In summary, I think we will see an attempt to buy Tuesday's dip. The bulls in the U.S. markets have not given up on the economic recovery concept. Earnings were very good and Q2 earnings are also expected to be good but stronger comparisons beginning in Q3 will make earnings a challenge unless top line sales pickup. That is not the problem today but will be the problem 3-4 months from now.

I believe a rebound will again fail at another lower high and that will be an additional signal that we are going to see lower lows ahead. I mentioned mitigating circumstances and one of those is the NonFarm Payrolls on Friday. This "should" be the best report in a couple years and many traders will be buying the dip in hopes of a blowout report. I am not that optimistic because I believe that number is already priced into the market. With Joe Biden running around claiming the number will be 250,000 new jobs or higher there are strong expectations already built into the market. With jobless claims holding in the 450,000 range it suggests that normal employment will be weak. I also expect jobless claims to spike from all the problems in the oil spill area. Tens of thousands of people are out of work from the closing of the fishing grounds and boats staying in port to avoid the oil.

I have been expecting the markets to weaken since the peak in the earnings cycle when Microsoft announced. The markets actually peaked two days after that announcement. I expect the weakness to continue but I am not expecting a washout. The EU problems will continue to haunt us as will the financial reform bill, oil spill, resource tax and the end of the earnings cycle. I suspect it will become increasingly harder for the bulls to recover from these triple digit declines.

Jim Brown

New Plays

Let's Add an Entertainment Play

by Scott Hawes

Click here to email Scott Hawes

IMAX Corporation - IMAX - close 19.07 change -0.20 stop 16.75

IMAX Corporation together with its wholly owned subsidiaries, is an entertainment technology company, specializing in motion picture technologies and large-format motion picture presentations. The Company is engaged in designing and manufacturing of large-format digital and film-based theater systems (IMAX theater systems) and the sale or lease of such IMAX theater systems. The Company is also engaged in the production and distribution of original large-format films, the provision of post-production services for large-format films, the conversion of two-dimensional (2D) and three-dimensional (3D) Hollywood feature films for exhibition on IMAX theater systems worldwide, the operation of four IMAX theaters and the provision of services in support of IMAX theaters and the IMAX theater network worldwide. (source: company press release or website)

Why We Like It:
IMAX bounced nicely around $18.15 today which was a prior resistance level that should now act as support. The stock also created a bottoming tail candlestick on its daily chart which may indicate that sellers of the stock are waning. Buyers have been piling into the stock in recent months and IMAX reported earnings on 4/29 that beat expectations (.53 compared to .37 estimate). The company is experiencing a surge in earnings due to the onslaught of 3-D movies on the horizon. I suggest readers take advantage of the momentum and initiate positions if IMAX pulls back to $18.50. We will place our stop at $16.75 which is just below the 50-day SMA. Our target is $20.95 which is just below the stock's 52 week highs.

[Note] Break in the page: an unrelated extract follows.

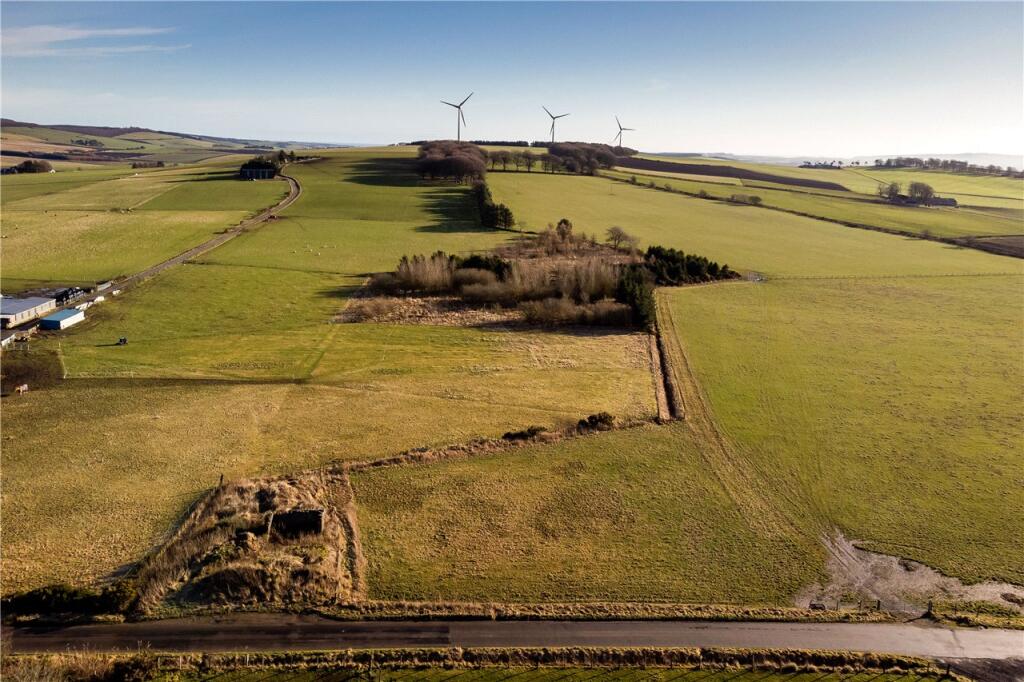 Additional image 6 of Lot 1 - House Site Backfield Farm, Drumlithie, Stonehaven, Aberdeenshire, AB39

Please note that I can not post a chart for this play as I am having technical difficulties with my software. Please email me with any questions. I apologize for the inconvenience.

Suggested Position: Long IMAX stock at $18.50.

Option Traders:
Suggested Position: Buy JUNE $20.00 CALL, current ask $1.70, estimated ask at entry $1.25

Entry on May xx at $xx.xx
Earnings Date More than 2 months (unconfirmed)
Average Daily Volume: 1.9 million
Listed on May 4, 2010

In Play Updates and Reviews

Triggered on HITK, SINA, and NBR

by Scott Hawes

Click here to email Scott Hawes

Editor's Note:

Good evening traders. It is almost impossible to manage swing trades in this market environment without getting whipsawed around like a rag doll. After finding some footing on Monday post Friday's sell off, the market ripped lower on Tuesday and made new lows. Our positions in ENZ and GLW suffered immensely and are very close to getting stopped out. If we do we will lick our wounds and find better opportunities. GFI reports earnings on Thursday before the bell so I suggest traders exit positions tomorrow. Please see the play update below for my thoughts on how to manage the exit. We are currently breakeven on the GFI trade. We were also triggered on the following positions today: HITK (long), NBR (long)and SINA (short).

Over the last couple of days I wrote that I anticipated volatility to continue and that we would probably see another bounce early this week before a bigger drop came later. I just didn't expect this much volatility to happen during the first two days of this week. It appears the bears are winning the fight right now. I would expect some sort of relief bounce after today's massive sell off but I suspect the bounce will be sold into before going lower again. So I am still cautiously bearish on the market. It is a good idea to take profits off the table on long or short positions when there are huge moves like today. This is exactly what I did with some short positions and will do the same with long positions on a relief bounce. We must stay nimble here and be prepared for anything.

Current Portfolio:

BULLISH Play Updates

Corning, Inc - GLW - close 18.94 change -0.87 stop 18.80

GLW sold off hard with the rest of the market today closing down -4.39% and almost stopping us out of the position. The stock may have found support at its 20-week SMA but if the market weakness continues we will be taken out of the trade. Volume was higher than yesterday's volume on gains which also concerns me. The stock has upward trend line support from November 2nd but the trend line is below our stop. GLW has good fundamentals but the greater force of the market doesn't seem to care and if GLW can't pick it up from here we need to step aside as a larger market correction may be looming. If GLW can muster bounce from here tomorrow readers may consider exiting at $19.20. This is near its 50-day SMA where the stock convincingly bounced higher yesterday and then proceeded to break through today. Other potential targets traders can use as a guide to exit the position are as follows: $19.50 19.80, and $20.25. Our stop remains at $18.80 and our time frame is several weeks unless we are stopped out. I am not recommending new positions at this time.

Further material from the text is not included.